> [WHAT THE TASK ASKS]
Retype exactly the stretch of lines that begins at the line containing "Medicated Body Wipes" and ends at the last line of the data, with no other lines.

> [INFORMATION SHOWN]
+ + + + +
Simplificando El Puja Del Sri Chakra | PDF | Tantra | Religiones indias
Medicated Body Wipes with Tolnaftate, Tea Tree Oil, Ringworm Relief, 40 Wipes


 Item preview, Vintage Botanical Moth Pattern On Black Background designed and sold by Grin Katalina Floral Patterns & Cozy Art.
+ + + + +
> [WRITTEN RESPONSE]
Medicated Body Wipes with Tolnaftate, Tea Tree Oil, Ringworm Relief, 40 Wipes


 Item preview, Vintage Botanical Moth Pattern On Black Background designed and sold by Grin Katalina Floral Patterns & Cozy Art.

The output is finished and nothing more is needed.